One other thing, and that of the first importance, was also made clear by this new array of evidence. When the barony of Arizona had been given to Don Miguel its included total of so many square leagues and varas of land had been particularly specified as “ancient” leagues and varas, which were half again as big as those which Reavis had first mistakenly used in his computations. The dimensions of the barony were not a mere 49½ by 149½ miles; the correct measurements were 75 miles deep by 225 wide. To use easily locatable map points, it stretched from the Four Peaks to Picacho Pass, and from just east of the confluence of the Gila and the Salt to just west of Silver City, New Mexico. As for its area, instead of being about that of New Jersey, it was roughly that of New Jersey and New Hampshire combined.

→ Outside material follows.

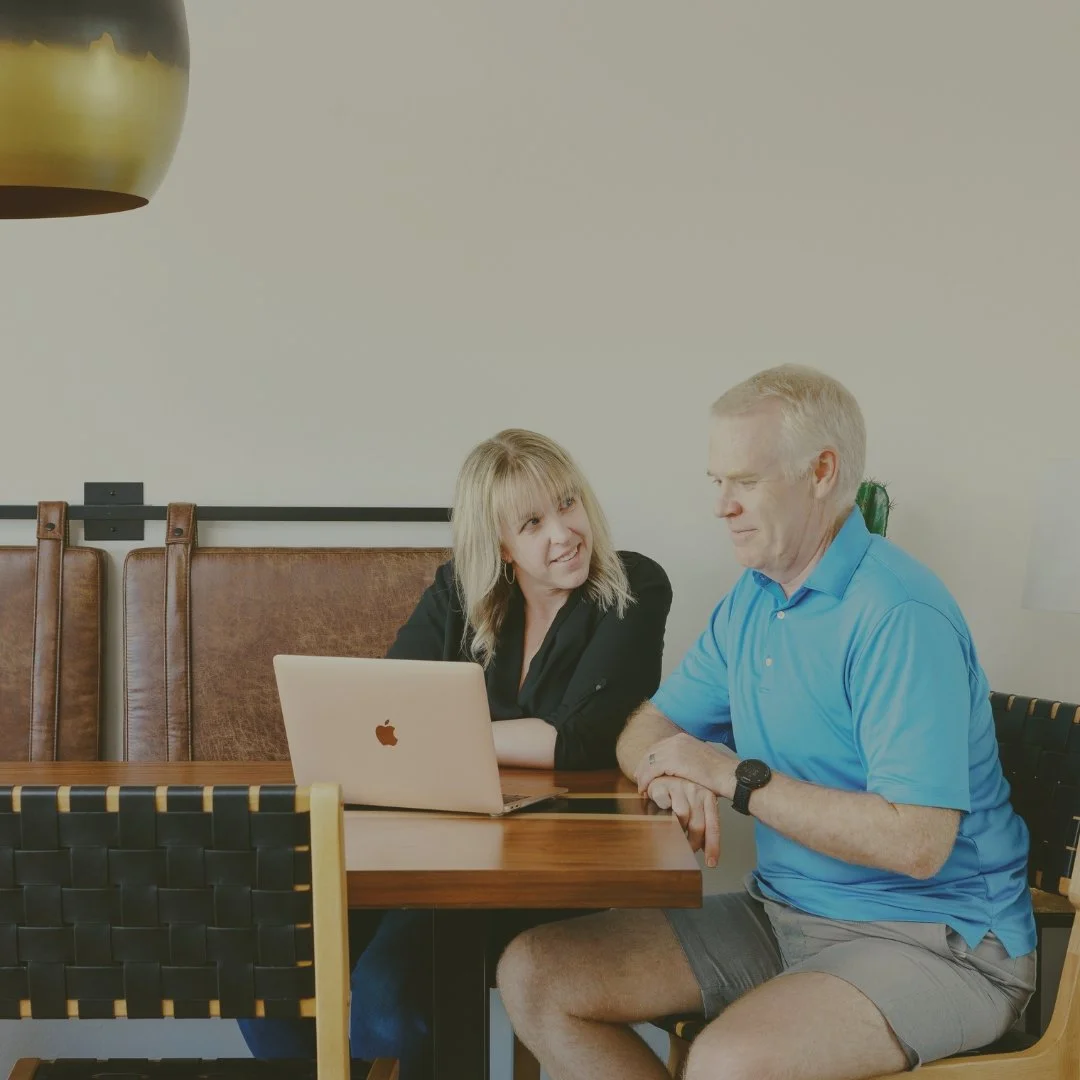 Blonde woman and gray-haired man sit together at a dining table reviewing information on a laptop.
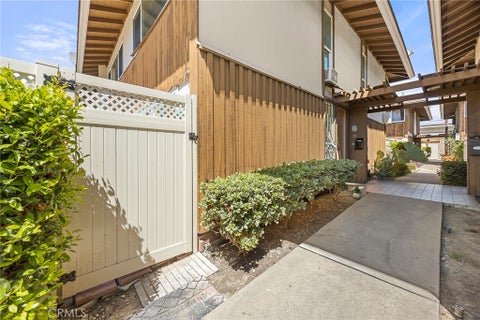 Photo of 15500 Tustin Village WAY #25, Tustin, CA 92780 (MLS # PW26174953)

Reavis thoroughly understood that a lie gains face if it is backed by another lie. Don Miguel had asked two successors of the original royal donor to confirm his title to the barony, thus furnishing an excuse for more substantiating documents. Reavis carried out this theory with respect to the two wills which he forged.

The First Baron of Arizona had lived to the unusual age of 116, giving him ample’ time to leave a codicil which repeated his original intention of leaving the barony to his son. The latter also attached a codicil to his will, just before he died in Madrid. In this he reiterated that the infant Dona Sofia was to get every square vara of the baronial estate.

With the area of threatened territory more than doubled, the defensive energy of the United States increased in proportion. Correspondence with Spain and Mexico had served only to confirm the seriousness of the situation. Every copy which Reavis exhibited found recognition in a duly filed original. In desperation the State Department dispatched a trio of special agents to study this material at first hand. William H. Tipton and Severo Mallet-Prevost were hustled off to Madrid, while Levi A. Hughes was entrusted with studying the Mexican records.

Reavis, in the meantime, was making the government collect testimony in his own favor in the Court of Private Land Claims, Chief Justice Joseph R. Reed presiding. Beginning in San Francisco in October of 1890, he had produced numerous witnesses who supported every statement he had made relative to the birth of Dona Sofia, the departure of the Second Baron of Arizona for Spain, and his speedy death there.

As these and other witnesses, examined in May of 1893, had been very well paid, it is not surprising that they vouched for statements previously made by Reavis. What is remarkable, however, is that they made such good witnesses. Or rather it would have been astonishing if they had been coached by anybody else. Only a master swindler could have schooled them to hit the right note between remembering distant events too carefully and not being uncertain about the principal points at issue.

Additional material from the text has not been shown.